Please Don’t be Offended, but You’re a Hypocrite
Did you hear the one about the Scientologist, the Mormon, and the Pakistani Shia, who stood with their Roman Catholic colleague at the Federal Aviation Administration (FAA) having “several friendly conversations with un-offended co-workers” regarding their beliefs?
The Scientologist was explaining his Church’s belief that seventy-five million years ago the galactic ruler Xenu brought billions of people to earth, stacked them around volcanoes and blew them up with hydrogen bombs. He also said that his Church disapproved of homosexuality and has fought gay marriage.

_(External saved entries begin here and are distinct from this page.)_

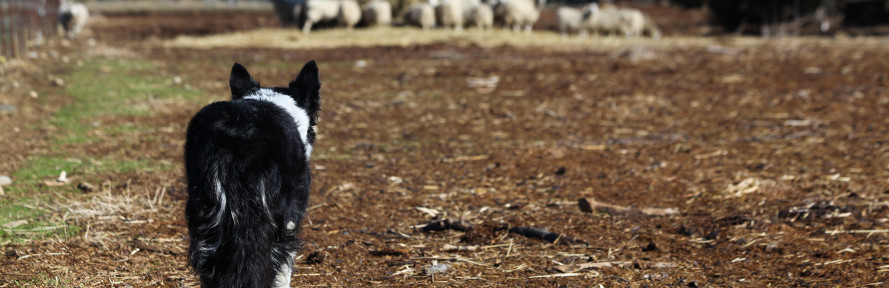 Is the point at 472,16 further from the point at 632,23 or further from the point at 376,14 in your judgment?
the point at 632,23

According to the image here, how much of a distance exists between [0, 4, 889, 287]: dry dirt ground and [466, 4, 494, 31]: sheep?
1345 centimetres

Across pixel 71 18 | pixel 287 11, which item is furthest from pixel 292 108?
pixel 287 11

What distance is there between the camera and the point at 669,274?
17.4 feet

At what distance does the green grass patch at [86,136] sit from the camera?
6230 millimetres

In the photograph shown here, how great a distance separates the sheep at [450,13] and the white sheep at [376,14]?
1760 millimetres

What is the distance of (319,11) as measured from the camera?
28516 millimetres

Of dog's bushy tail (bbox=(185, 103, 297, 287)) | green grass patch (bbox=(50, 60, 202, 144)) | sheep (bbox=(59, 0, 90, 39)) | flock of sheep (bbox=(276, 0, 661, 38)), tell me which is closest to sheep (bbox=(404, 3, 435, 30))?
flock of sheep (bbox=(276, 0, 661, 38))

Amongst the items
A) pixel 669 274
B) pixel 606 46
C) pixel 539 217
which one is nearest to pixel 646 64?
pixel 606 46

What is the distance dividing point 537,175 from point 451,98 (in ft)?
17.1

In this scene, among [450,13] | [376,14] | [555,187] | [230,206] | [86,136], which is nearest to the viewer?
[230,206]

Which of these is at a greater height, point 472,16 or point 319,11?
point 319,11

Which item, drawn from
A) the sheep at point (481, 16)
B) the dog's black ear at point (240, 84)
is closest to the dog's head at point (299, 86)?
the dog's black ear at point (240, 84)

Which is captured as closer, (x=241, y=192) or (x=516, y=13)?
(x=241, y=192)

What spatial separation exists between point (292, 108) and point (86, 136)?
5.75m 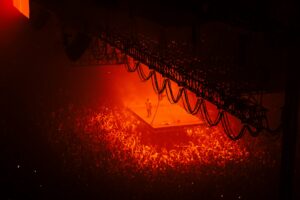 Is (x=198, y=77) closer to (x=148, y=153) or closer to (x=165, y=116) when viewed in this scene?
(x=148, y=153)

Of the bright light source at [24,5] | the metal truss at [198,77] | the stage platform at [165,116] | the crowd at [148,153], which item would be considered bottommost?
the crowd at [148,153]

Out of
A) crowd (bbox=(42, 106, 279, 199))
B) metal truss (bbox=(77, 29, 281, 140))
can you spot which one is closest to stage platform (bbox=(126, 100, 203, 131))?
crowd (bbox=(42, 106, 279, 199))

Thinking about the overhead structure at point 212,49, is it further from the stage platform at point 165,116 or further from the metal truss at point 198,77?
the stage platform at point 165,116

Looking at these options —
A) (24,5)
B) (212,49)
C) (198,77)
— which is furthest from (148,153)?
(24,5)

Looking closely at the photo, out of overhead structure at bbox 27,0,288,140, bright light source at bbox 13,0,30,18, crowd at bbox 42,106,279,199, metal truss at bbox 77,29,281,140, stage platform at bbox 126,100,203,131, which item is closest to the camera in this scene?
metal truss at bbox 77,29,281,140

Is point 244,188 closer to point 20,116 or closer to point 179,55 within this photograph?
point 179,55

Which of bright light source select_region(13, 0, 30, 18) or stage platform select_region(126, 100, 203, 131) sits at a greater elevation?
bright light source select_region(13, 0, 30, 18)

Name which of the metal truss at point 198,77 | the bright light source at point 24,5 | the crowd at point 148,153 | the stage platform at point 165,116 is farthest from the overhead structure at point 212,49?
the bright light source at point 24,5

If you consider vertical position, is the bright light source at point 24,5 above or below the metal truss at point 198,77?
above

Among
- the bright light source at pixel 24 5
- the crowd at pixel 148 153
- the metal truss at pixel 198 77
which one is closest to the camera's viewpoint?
the metal truss at pixel 198 77

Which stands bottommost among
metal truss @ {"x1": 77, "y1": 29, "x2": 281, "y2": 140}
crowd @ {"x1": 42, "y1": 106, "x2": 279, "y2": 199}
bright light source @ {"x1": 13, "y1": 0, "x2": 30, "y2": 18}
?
crowd @ {"x1": 42, "y1": 106, "x2": 279, "y2": 199}

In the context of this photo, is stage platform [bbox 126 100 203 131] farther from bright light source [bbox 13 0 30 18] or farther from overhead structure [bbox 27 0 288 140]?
bright light source [bbox 13 0 30 18]

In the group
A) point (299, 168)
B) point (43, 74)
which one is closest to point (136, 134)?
point (299, 168)

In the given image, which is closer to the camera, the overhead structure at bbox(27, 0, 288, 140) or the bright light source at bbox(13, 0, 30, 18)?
the overhead structure at bbox(27, 0, 288, 140) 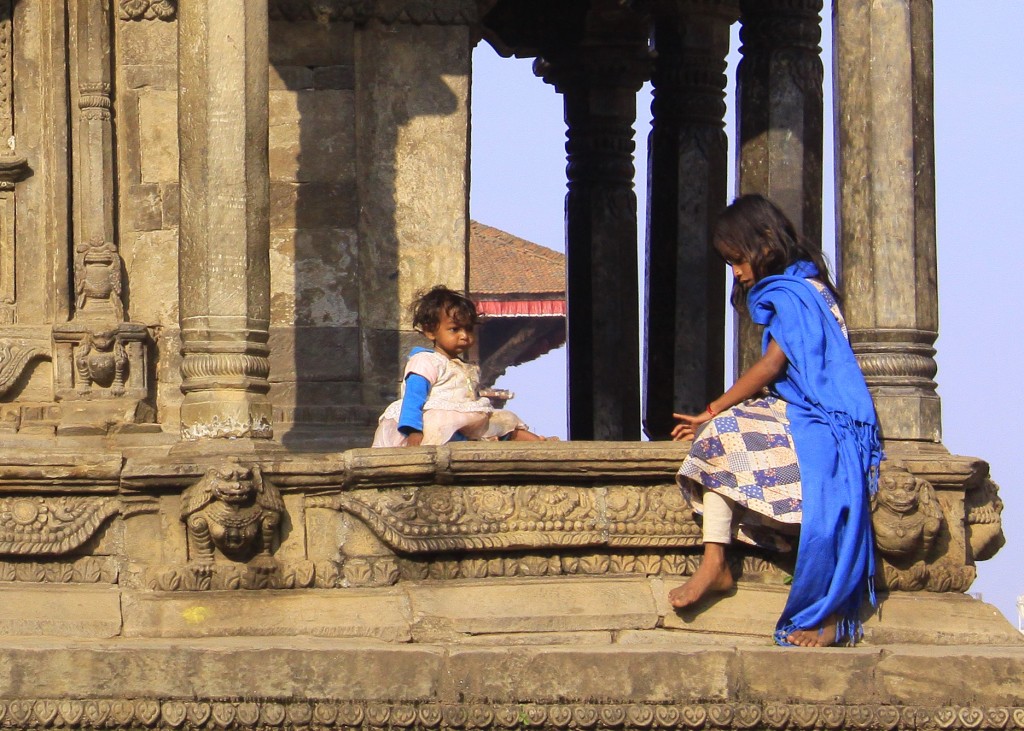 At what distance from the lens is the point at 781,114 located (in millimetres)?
14539

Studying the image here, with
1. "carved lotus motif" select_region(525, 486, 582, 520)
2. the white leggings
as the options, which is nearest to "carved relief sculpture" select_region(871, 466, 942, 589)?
the white leggings

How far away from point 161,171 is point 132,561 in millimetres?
3430

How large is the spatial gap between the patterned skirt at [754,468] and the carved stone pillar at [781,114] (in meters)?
5.67

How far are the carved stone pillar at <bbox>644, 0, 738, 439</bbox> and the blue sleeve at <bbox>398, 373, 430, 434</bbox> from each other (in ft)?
20.0

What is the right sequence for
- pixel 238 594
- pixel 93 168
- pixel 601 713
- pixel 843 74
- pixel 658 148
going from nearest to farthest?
pixel 601 713
pixel 238 594
pixel 843 74
pixel 93 168
pixel 658 148

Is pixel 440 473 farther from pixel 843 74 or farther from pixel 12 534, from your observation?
pixel 843 74

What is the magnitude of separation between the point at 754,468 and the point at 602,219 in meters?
7.91

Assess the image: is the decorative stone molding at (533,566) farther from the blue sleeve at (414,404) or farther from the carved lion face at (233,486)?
the blue sleeve at (414,404)

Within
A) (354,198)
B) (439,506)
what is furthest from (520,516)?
(354,198)

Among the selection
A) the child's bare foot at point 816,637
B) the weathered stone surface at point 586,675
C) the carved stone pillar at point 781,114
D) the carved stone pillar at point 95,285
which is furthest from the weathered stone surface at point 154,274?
the child's bare foot at point 816,637

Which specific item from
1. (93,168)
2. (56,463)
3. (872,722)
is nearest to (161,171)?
Answer: (93,168)

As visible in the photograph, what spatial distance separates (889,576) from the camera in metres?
8.93

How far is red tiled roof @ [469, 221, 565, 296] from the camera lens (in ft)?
98.9

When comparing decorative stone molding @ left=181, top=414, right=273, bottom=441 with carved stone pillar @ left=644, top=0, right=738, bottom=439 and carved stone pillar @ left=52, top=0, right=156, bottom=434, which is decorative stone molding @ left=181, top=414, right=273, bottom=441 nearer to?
carved stone pillar @ left=52, top=0, right=156, bottom=434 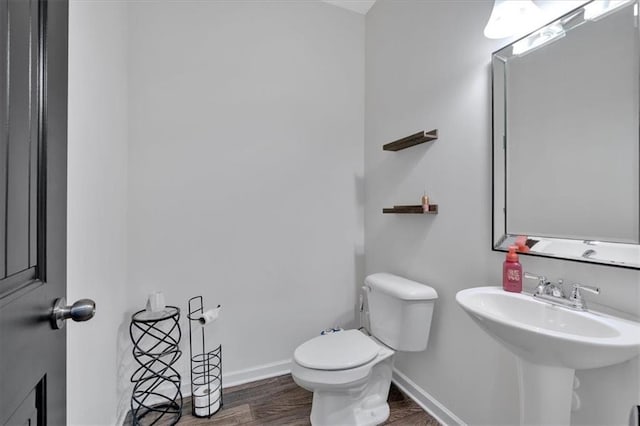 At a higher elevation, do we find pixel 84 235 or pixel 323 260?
pixel 84 235

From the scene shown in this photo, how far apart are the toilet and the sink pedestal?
62 centimetres

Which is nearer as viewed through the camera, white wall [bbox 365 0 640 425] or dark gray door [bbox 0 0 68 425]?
dark gray door [bbox 0 0 68 425]

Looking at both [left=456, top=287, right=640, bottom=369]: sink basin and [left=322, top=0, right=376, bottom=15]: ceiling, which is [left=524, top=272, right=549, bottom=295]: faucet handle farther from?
[left=322, top=0, right=376, bottom=15]: ceiling

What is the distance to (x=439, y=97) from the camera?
1608mm

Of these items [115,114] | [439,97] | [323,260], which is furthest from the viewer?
[323,260]

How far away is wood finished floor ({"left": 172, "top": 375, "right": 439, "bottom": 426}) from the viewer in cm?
162

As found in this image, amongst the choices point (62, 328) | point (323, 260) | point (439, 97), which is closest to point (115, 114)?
point (62, 328)

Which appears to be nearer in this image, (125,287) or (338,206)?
(125,287)

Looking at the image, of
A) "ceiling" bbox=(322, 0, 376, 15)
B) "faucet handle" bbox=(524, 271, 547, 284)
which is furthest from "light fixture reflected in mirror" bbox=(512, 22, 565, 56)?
"ceiling" bbox=(322, 0, 376, 15)

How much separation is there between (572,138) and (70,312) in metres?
1.55

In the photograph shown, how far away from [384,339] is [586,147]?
128 centimetres

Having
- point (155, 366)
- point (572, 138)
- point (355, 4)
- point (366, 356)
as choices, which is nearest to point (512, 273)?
point (572, 138)

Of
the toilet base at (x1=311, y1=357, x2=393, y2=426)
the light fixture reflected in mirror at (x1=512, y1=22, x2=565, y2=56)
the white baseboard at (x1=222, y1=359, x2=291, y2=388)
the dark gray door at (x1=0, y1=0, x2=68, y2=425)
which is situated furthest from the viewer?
the white baseboard at (x1=222, y1=359, x2=291, y2=388)

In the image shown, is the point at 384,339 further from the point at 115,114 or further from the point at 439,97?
the point at 115,114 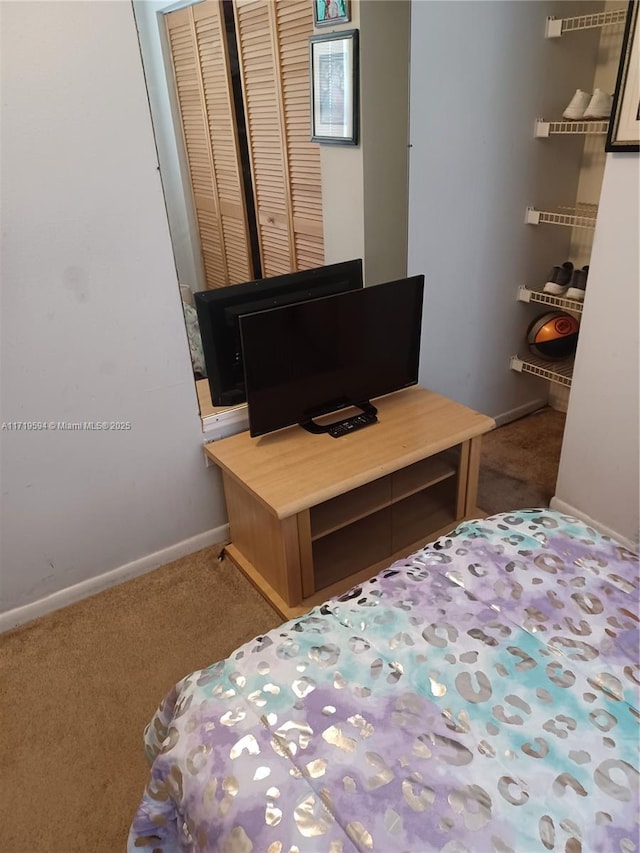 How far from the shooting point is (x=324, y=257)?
9.24ft

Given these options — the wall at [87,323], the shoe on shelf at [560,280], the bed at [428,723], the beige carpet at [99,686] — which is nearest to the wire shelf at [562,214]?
the shoe on shelf at [560,280]

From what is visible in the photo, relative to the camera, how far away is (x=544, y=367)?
119 inches

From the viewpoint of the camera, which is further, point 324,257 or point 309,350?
point 324,257

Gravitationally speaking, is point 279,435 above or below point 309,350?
below

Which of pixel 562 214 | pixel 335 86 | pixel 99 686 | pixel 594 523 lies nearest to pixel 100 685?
pixel 99 686

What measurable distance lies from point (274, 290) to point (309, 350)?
0.86 feet

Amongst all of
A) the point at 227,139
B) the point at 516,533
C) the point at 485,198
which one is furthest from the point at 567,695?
the point at 227,139

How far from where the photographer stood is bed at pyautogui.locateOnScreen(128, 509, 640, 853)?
2.86ft

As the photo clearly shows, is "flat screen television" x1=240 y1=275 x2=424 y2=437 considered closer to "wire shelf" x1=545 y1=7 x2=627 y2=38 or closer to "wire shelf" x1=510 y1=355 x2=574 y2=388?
"wire shelf" x1=510 y1=355 x2=574 y2=388

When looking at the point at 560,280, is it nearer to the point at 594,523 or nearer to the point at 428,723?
the point at 594,523

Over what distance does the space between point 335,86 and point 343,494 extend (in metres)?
1.69

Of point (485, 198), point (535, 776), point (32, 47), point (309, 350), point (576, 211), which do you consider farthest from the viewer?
point (576, 211)

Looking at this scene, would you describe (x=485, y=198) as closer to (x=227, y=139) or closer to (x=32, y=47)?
(x=227, y=139)

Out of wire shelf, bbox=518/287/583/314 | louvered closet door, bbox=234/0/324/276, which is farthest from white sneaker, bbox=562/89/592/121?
louvered closet door, bbox=234/0/324/276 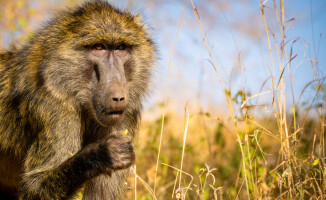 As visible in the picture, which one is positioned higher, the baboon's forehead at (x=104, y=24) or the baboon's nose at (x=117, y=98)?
the baboon's forehead at (x=104, y=24)

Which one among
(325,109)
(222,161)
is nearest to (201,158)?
(222,161)

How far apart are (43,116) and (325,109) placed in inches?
87.4

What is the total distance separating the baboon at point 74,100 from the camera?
2.97 meters

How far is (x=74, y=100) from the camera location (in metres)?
3.22

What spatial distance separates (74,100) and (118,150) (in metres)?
0.64

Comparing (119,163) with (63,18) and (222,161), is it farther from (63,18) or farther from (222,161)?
(222,161)

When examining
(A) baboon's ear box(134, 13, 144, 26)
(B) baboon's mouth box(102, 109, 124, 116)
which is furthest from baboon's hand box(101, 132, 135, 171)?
(A) baboon's ear box(134, 13, 144, 26)

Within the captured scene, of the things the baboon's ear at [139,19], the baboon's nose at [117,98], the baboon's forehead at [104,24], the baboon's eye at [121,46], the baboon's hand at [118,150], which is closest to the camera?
the baboon's hand at [118,150]

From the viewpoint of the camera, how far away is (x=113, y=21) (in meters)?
3.41

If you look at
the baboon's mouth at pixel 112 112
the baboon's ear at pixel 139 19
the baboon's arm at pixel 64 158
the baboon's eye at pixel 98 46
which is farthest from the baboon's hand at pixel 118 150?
the baboon's ear at pixel 139 19

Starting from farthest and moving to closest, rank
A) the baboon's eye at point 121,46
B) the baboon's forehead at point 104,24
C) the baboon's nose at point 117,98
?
the baboon's eye at point 121,46 < the baboon's forehead at point 104,24 < the baboon's nose at point 117,98

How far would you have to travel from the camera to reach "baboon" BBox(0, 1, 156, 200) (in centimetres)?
297

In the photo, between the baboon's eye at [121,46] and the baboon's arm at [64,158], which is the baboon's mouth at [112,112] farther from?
the baboon's eye at [121,46]

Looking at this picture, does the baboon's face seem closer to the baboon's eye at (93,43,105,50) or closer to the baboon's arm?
the baboon's eye at (93,43,105,50) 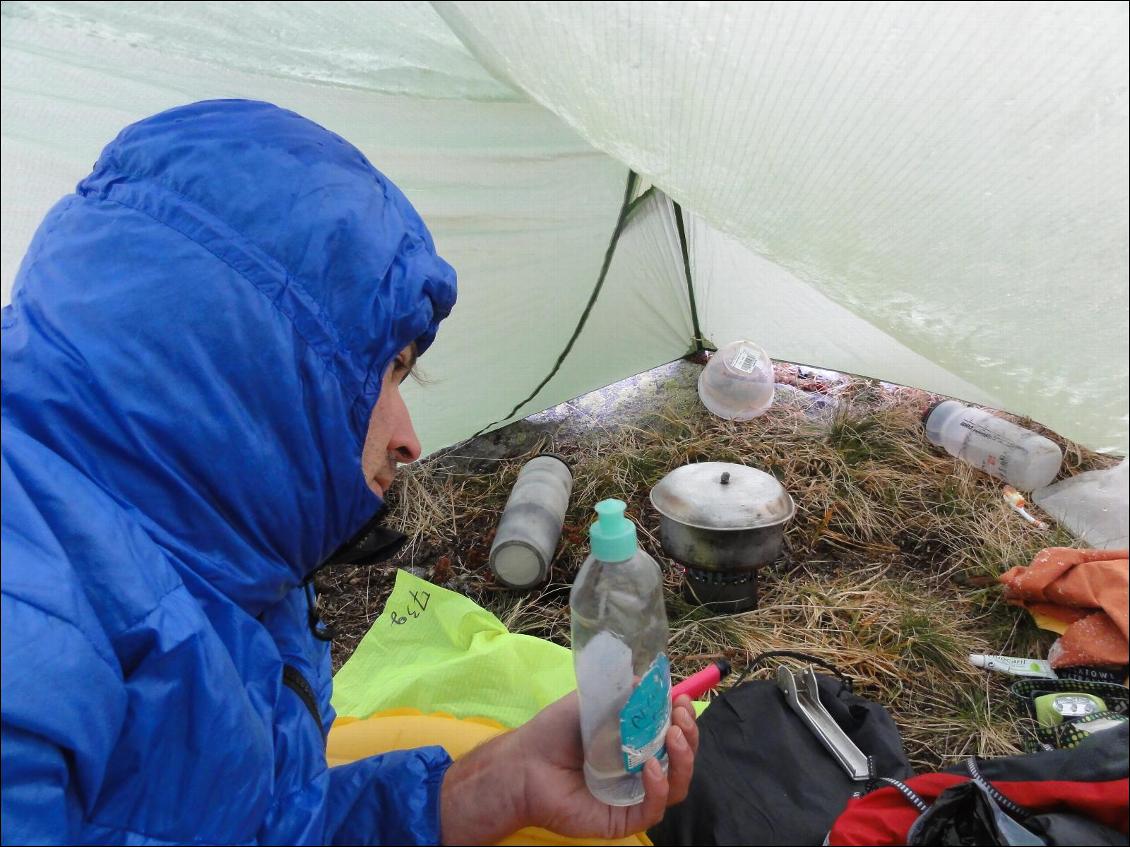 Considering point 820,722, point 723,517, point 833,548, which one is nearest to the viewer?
point 820,722

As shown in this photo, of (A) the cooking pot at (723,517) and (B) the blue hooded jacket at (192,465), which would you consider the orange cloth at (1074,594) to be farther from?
(B) the blue hooded jacket at (192,465)

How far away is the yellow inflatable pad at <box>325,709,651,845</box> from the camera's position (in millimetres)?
1713

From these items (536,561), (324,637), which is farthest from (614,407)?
(324,637)

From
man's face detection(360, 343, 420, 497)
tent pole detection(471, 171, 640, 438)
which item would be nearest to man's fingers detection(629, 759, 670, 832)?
man's face detection(360, 343, 420, 497)

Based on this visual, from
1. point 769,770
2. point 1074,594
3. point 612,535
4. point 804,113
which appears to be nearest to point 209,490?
point 612,535

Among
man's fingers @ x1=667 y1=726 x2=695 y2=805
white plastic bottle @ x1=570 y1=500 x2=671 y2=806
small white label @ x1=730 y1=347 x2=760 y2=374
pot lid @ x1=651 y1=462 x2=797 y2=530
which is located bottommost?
small white label @ x1=730 y1=347 x2=760 y2=374

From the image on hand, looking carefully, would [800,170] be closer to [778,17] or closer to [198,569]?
[778,17]

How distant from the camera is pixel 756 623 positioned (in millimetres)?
2465

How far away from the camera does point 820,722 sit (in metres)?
1.67

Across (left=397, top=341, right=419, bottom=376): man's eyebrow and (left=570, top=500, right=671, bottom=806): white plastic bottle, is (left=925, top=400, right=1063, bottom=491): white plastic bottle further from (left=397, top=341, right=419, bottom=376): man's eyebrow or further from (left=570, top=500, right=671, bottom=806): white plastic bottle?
(left=397, top=341, right=419, bottom=376): man's eyebrow

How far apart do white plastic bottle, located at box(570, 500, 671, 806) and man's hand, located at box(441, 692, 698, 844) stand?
30 mm

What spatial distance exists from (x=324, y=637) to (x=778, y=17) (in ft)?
3.98

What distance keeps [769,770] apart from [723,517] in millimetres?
879

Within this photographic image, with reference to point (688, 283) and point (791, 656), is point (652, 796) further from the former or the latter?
point (688, 283) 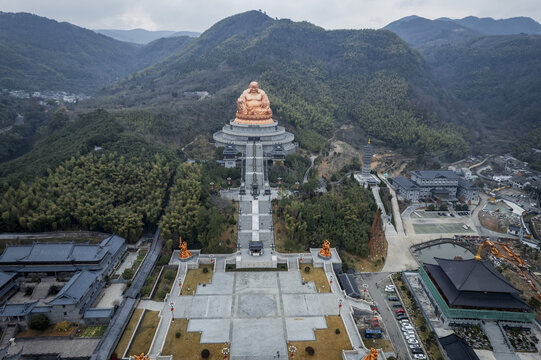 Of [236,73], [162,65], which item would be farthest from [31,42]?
[236,73]

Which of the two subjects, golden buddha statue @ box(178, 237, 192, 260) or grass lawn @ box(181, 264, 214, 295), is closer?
grass lawn @ box(181, 264, 214, 295)

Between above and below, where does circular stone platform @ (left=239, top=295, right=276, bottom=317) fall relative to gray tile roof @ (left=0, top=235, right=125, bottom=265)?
below

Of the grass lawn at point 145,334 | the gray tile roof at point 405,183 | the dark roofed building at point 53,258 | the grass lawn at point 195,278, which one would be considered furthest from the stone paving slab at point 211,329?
the gray tile roof at point 405,183

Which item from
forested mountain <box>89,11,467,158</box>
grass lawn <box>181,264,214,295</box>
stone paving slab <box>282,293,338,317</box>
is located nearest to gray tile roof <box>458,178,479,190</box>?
forested mountain <box>89,11,467,158</box>

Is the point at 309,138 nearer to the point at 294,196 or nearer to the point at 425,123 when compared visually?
the point at 294,196

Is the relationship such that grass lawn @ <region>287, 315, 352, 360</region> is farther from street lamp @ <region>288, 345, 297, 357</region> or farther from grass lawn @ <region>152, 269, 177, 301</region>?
grass lawn @ <region>152, 269, 177, 301</region>

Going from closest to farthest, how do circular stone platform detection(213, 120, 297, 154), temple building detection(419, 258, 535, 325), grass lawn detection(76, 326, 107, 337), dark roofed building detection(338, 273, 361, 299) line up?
1. grass lawn detection(76, 326, 107, 337)
2. temple building detection(419, 258, 535, 325)
3. dark roofed building detection(338, 273, 361, 299)
4. circular stone platform detection(213, 120, 297, 154)

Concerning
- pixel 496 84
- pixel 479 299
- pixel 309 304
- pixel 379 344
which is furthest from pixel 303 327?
pixel 496 84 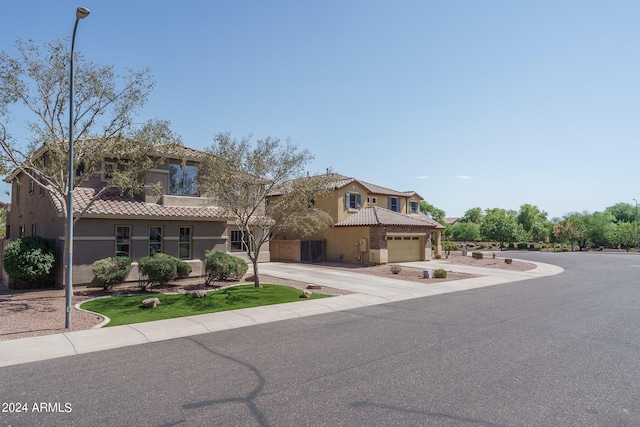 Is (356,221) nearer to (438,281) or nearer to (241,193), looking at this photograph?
(438,281)

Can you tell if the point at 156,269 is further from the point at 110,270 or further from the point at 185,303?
the point at 185,303

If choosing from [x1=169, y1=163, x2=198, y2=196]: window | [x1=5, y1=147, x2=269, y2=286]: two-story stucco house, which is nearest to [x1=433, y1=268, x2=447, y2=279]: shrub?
[x1=5, y1=147, x2=269, y2=286]: two-story stucco house

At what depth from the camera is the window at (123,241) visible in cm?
1792

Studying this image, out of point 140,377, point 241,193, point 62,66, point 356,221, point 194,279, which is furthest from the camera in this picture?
point 356,221

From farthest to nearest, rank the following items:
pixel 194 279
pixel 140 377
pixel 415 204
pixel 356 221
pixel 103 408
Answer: pixel 415 204 → pixel 356 221 → pixel 194 279 → pixel 140 377 → pixel 103 408

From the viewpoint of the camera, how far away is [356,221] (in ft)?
103

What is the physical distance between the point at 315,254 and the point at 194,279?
14839 millimetres

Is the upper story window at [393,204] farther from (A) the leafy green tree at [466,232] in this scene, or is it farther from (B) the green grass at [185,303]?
(A) the leafy green tree at [466,232]

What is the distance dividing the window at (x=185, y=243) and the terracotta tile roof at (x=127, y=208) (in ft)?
3.67

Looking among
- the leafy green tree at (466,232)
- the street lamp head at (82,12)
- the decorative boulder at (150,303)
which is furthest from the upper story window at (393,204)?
the leafy green tree at (466,232)

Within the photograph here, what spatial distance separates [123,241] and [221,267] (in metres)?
4.74

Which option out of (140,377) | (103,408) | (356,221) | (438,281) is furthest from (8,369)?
(356,221)

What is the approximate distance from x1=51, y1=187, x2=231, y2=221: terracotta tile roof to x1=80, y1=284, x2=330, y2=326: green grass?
4.03 meters

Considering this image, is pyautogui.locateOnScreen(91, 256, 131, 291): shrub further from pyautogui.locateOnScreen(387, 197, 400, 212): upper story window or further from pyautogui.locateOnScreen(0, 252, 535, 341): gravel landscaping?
pyautogui.locateOnScreen(387, 197, 400, 212): upper story window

The Mormon, in a very friendly way, so as not to offend her colleague, told him that the story he told was “suspect” because the earth wasn’t that old, and according to her faith, God the Father and Jesus told 15-year-old Joseph Smith, Jr., in the early 1800s, who at the time was helping a traveling magician use “Peep” stones to find buried treasure in farmers’ fields, that all creeds other than hers were an abomination. “But,” she added, “we don’t approve of homosexuality either and were very involved in the defeat of gay marriage in California.”
The Pakistani Shia grimaced in a friendly way so as not to offend his Mormon co-worker, and said, “We also believe that every religion other than ours is wrong. We also believe that wives should not leave their homes to work, to be educated, or to go to a doctor’s appointment without the permission of their husband, who also has the legal right to rape them at home. But, like you, we too think that homosexuality is an abomination unto God and is punishable by death.”
The Roman Catholic who was gay and not yet out to his co-workers, said “When I was in school, we actually prayed during class time for all of you so that you might become Catholic and be spared the horrors of hell.” But he said nothing about his deeply hurt feelings about their negative beliefs about homosexuality. As a result, he found it impossible to focus attention on his job that day. How he wished, as depressed, angry, and distracted as he felt, that he didn’t have to pilot the afternoon flight of his Scientologist, Mormon, and Shia colleagues to visit another FAA site.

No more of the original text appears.